Smith & Wesson’s success with the Model 1 revolver had massive repercussions for the American gun industry. With cartridge ammunition becoming the de facto standard, manufactured had to quickly pivot from the old cap and ball design. To make things worse: Smith & Wesson’s lock on the bored-through cylinder also meant that producing a competing revolver wouldn’t be legal until at least 1869 when the patent was set to expire.
Solutions to this problem showed a lot of creativity, and this pepperbox pistol from Christian Sharps was one of the more successful examples.
The gun had four separate barrels, each with its own separate firing chamber. Unlike a revolver with its rotating cylinder, this pepperbox kept its barrels stationary and instead rotated the firing pin. This meant that four rounds could be fired in rapid succession, and it could be reloaded fairly quickly. The gun’s squat proportions would have also given it an edge over the Smith & Wesson for its concealability.
Sharps started manufacturing these guns in 1859 and maintained almost continuous production until 1874, with over 85,000 examples produced during that time. This wasn’t quite comparable to Smith & Wesson manufacturing over 250,000 Model 1’s, but it bode much better than many of Smith & Wesson’s ill-fated competitors.
By 1874 the patent on the bored-through cylinder had long since expired and the revolver with the bored through cylinder had proven itself to be the pre-eminent handgun design. Not coincidentally, Christian Sharps also died in 1874. The company reorganized after his death and continued to make rifles under a few different names until it ceased operations altogether in 1881. Unlike many successful companies that continued to thrive after the death of their founder(s) (Smith & Wesson included), Sharps did not appear to have the organization in place to do that.
This particular gun has a few interesting details worth pointing out.
The grips are made of thermoplastic, which is often erroneously called “gutta percha.” Finding a set of grips as clean as these is sometimes difficult—especially with the delicate figured pattern in them.
This pistol didn’t have cartridge extractors; the spent shells would simply need to be dug out with one’s fingernail, or perhaps a pocketknife. Smith & Wesson’s only marginally better solution was to fit an extractor rod under the barrel, which necessitated the removal of the cylinder from the gun (and heaven only knows how many cylinders were thus lost).
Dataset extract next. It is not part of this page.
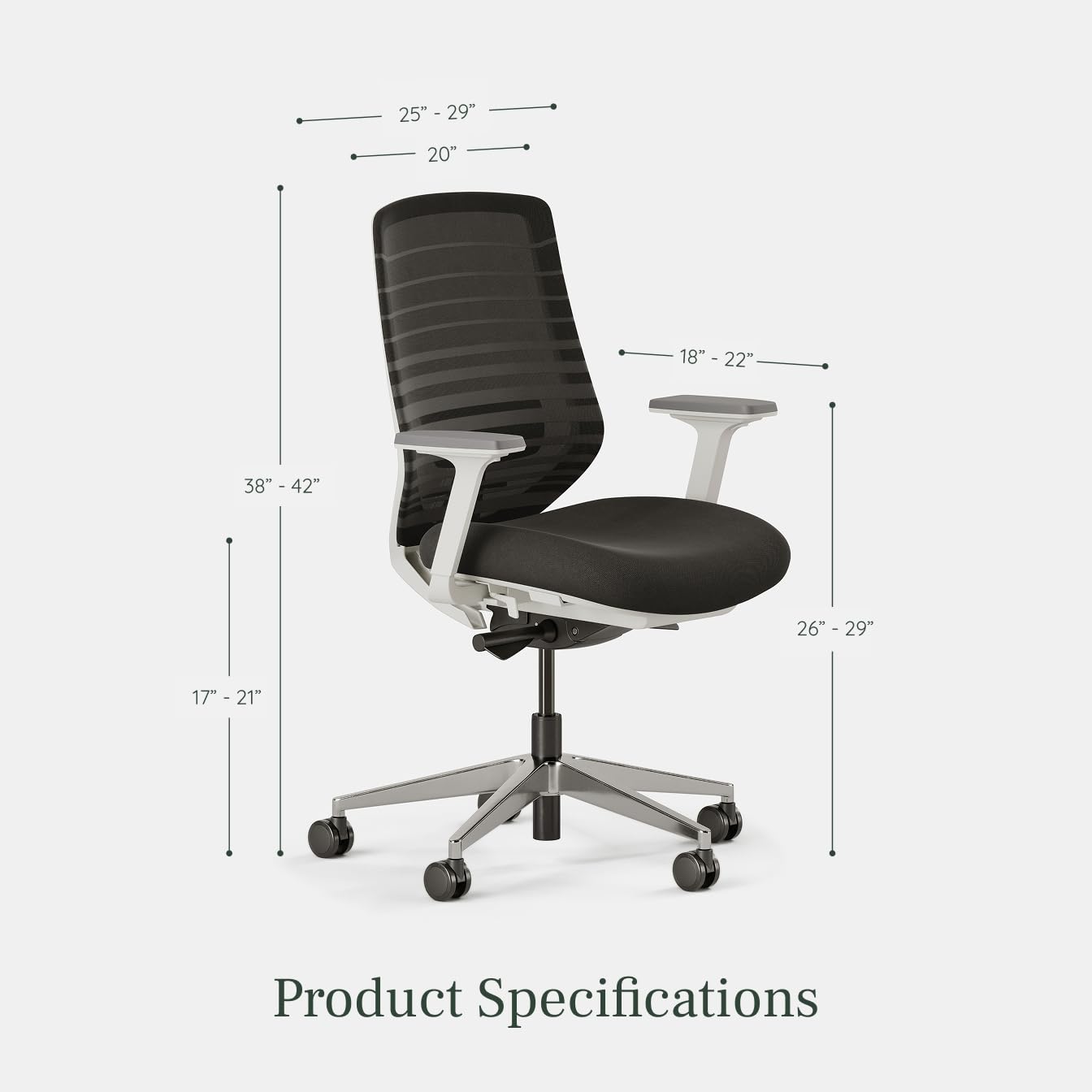 Branch Ergonomic Chair - A Versatile Desk Chair with Adjustable Lumbar Support, Breathable Mesh Backrest, and Smooth Wheels - Experience Optimal Comfort and Support - Black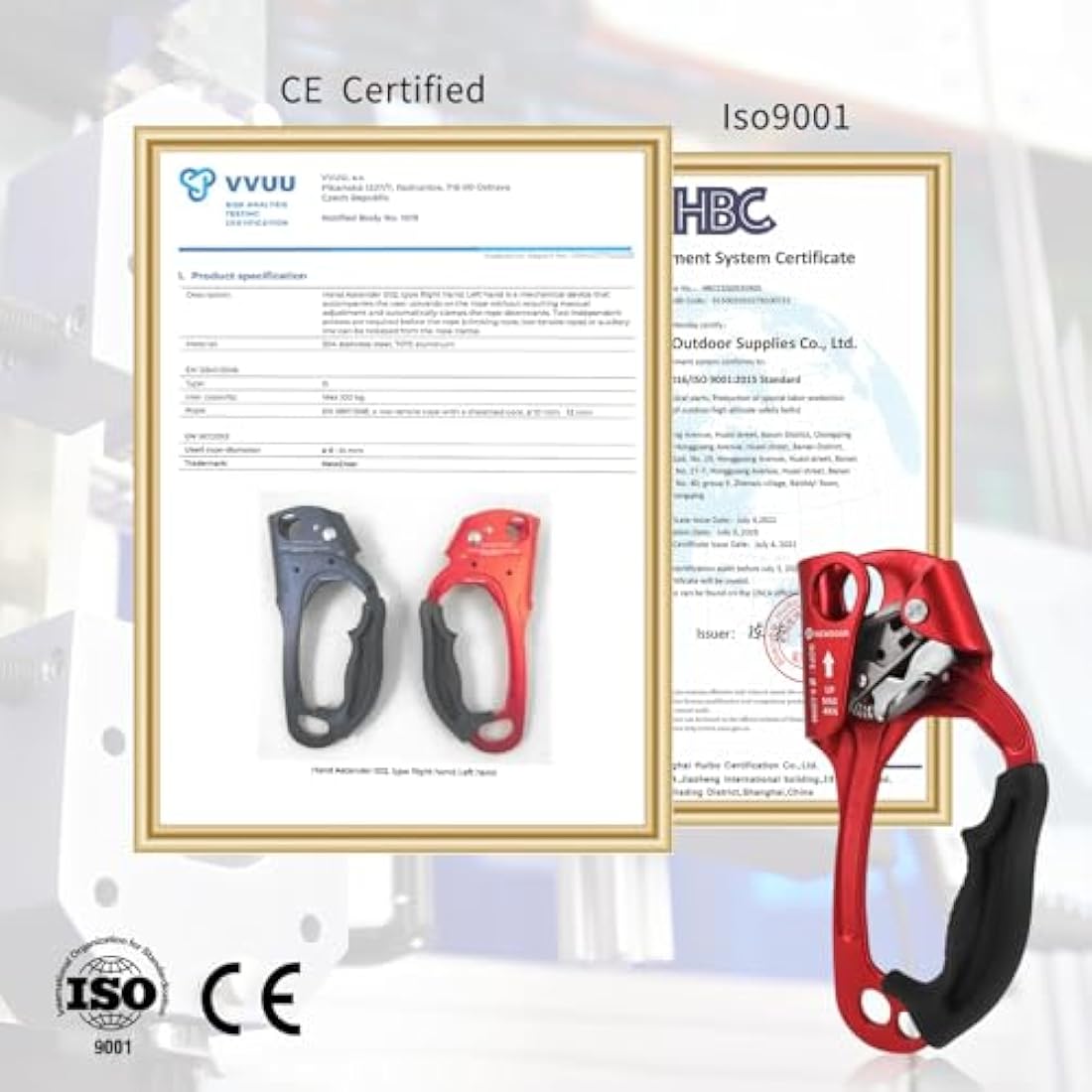 NewDoar UIAA & CE Certified Hand Ascender Rock Climbing Tree Arborist Rappelling Gear Equipment Rope Clamp for 8~13MM Rope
It really wasn’t until the top break revolvers of the late 19th century that a workable extractor mechanism came into being.
The trigger on the Sharps Pepperbox is the same spur trigger style as many pistols from that era. Since there was no drop safety or hammer rebound mechanism, it was probably best to carry the Sharps Pepperbox with one chamber empty, lest a bump to the gun result in an accidental discharge.
Interestingly, Sharp’s initial patent on the rotating firing pin was dated December 18, 1849. He was granted another patent on January 25, 1859, which looked much more like the gun shown here. Sharps had clearly been tinkering with this design for over a decade—and ironically, it was probably Smith & Wesson’s development of cartridge load ammunition that gave Sharps the ammunition design he needed to make it work.
And work it did! For all of the Sharps Pepperbox’s foibles, it’s one of the more workable non-revolver designs from this era.
Sadly, I’ve never been able to locate Christian Sharps’ gravesite. One of his obituaries noted that he had been buried in “Vernon Center,” but there are several cemeteries in Vernon (Tolland County, CT), and I’ve found no more specific reference.